In my experience with 7+ TB databases on fast storage (SSD/SAN) and 24 core servers with 256+ GB RAM, parallel pg_dump+pg_restore is not much slower than pg_upgrade because pg_restore (like pg_upgrade) will spend the majority of the total time reindexing and analyzing, not loading data. Going forward, now that we have --checksum in place and pg_upgrade has had time to mature, we will use pg_upgrade to go from 9.4 to 9.5 though.

Joe said...

Doesn't the Bucardo approach also require lots of disk space (I assume it means replicating from old to new)?

Greg Sabino Mullane said...

Joe: Good point! I've added "disk space" to the list of Bucardo drawbacks.

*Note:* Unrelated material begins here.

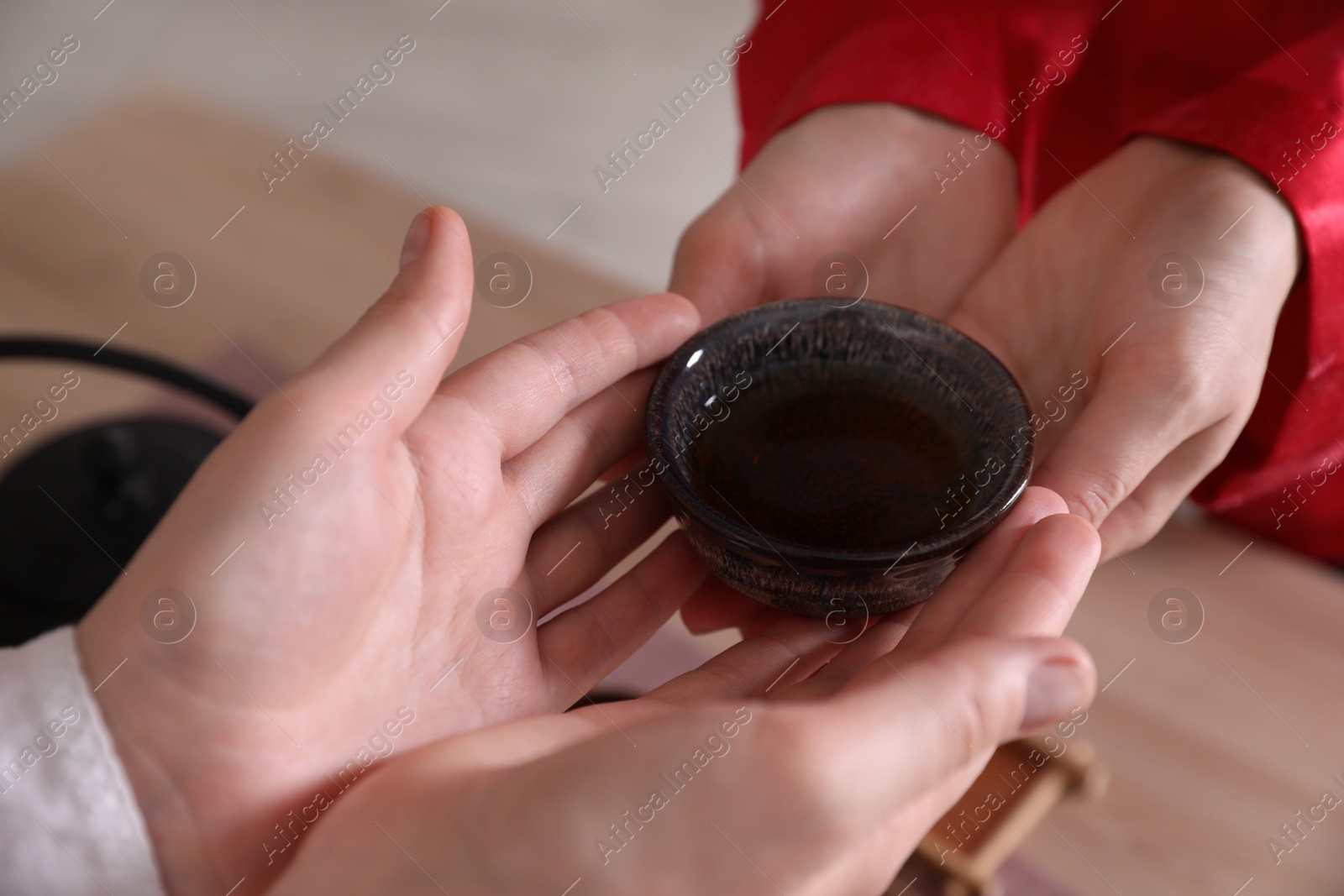 Photo of Master giving freshly brewed tea to guest during ceremony at table, closeup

Greg Sabino Mullane said...

Tuxie: Not sure I follow: pg_upgrade does not reindex (but does need to analyze). It really depends on your DB if most of the pg_restore time is spent on COPY vs CREATE INDEX. I do generally recommend that clients suck up the time hit in order to get to --checksums, as it is a one-time pain, and after that you can use pg_upgrade -k :)

David Fetter said...

Nice summary.

You've really made the case for the logical replication (Bucardo/Slony/Londiste) version because "zero downtime" is frequently a hard requirement and very few situations make storage so expensive that an in-place upgrade is required.

Greg Sabino Mullane said...

David Fetter: Yes, it's hard to beat zero downtime, but I have found that most clients usually have *some* wiggle room despite a stated hard requirement of "zero", and thus --link becomes a great option. I don't think storage costs are as much a factor as process complexity as far as doing logical replication versus in-place.

Greg Sabino Mullane said...

Denish: I ran some more tests on a better server, and found the ratio fairly consistent across a wide range of --steps. In this case, the ratio was around 2.8x. At a step of 10000, and a 146GB database, pg_dump took 150 minutes, while pg_upgrade took 52 minutes. Using --link took 9 seconds :)